━━ INPUT RECORDS

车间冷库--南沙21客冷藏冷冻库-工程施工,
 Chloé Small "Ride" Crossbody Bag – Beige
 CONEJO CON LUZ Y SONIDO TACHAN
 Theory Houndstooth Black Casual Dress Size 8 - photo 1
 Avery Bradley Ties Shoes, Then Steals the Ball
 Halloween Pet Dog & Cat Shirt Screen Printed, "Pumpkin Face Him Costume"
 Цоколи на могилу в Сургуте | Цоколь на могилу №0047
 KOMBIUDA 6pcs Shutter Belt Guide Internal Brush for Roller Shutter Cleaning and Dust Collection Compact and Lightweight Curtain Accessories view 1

━━━━

Above are the records. Print exactly, and only, the lines from the line with "CONEJO CON LUZ Y SONIDO TACHAN" to the line with "Цоколи на могилу", both inclusive.

▸ SOLUTION FOR THIS PROBLEM:
 CONEJO CON LUZ Y SONIDO TACHAN
 Theory Houndstooth Black Casual Dress Size 8 - photo 1
 Avery Bradley Ties Shoes, Then Steals the Ball
 Halloween Pet Dog & Cat Shirt Screen Printed, "Pumpkin Face Him Costume"
 Цоколи на могилу в Сургуте | Цоколь на могилу №0047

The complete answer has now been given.